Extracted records
□ □ □
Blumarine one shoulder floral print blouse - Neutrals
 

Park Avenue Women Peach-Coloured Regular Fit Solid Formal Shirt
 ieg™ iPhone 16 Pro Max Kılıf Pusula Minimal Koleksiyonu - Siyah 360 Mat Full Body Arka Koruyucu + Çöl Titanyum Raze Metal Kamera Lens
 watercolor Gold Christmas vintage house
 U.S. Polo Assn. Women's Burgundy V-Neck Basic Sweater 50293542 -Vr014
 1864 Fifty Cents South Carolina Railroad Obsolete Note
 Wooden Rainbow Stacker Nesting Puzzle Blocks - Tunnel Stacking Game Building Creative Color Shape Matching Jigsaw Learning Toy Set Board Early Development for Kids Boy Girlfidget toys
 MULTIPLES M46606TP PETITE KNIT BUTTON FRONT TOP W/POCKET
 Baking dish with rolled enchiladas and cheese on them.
□ □ □
PROBLEM TO SOLVE: The data above should be returned in full, exactly as written.

EXERCISE ANSWER:
Blumarine one shoulder floral print blouse - Neutrals
 

Park Avenue Women Peach-Coloured Regular Fit Solid Formal Shirt
 ieg™ iPhone 16 Pro Max Kılıf Pusula Minimal Koleksiyonu - Siyah 360 Mat Full Body Arka Koruyucu + Çöl Titanyum Raze Metal Kamera Lens
 watercolor Gold Christmas vintage house
 U.S. Polo Assn. Women's Burgundy V-Neck Basic Sweater 50293542 -Vr014
 1864 Fifty Cents South Carolina Railroad Obsolete Note
 Wooden Rainbow Stacker Nesting Puzzle Blocks - Tunnel Stacking Game Building Creative Color Shape Matching Jigsaw Learning Toy Set Board Early Development for Kids Boy Girlfidget toys
 MULTIPLES M46606TP PETITE KNIT BUTTON FRONT TOP W/POCKET
 Baking dish with rolled enchiladas and cheese on them.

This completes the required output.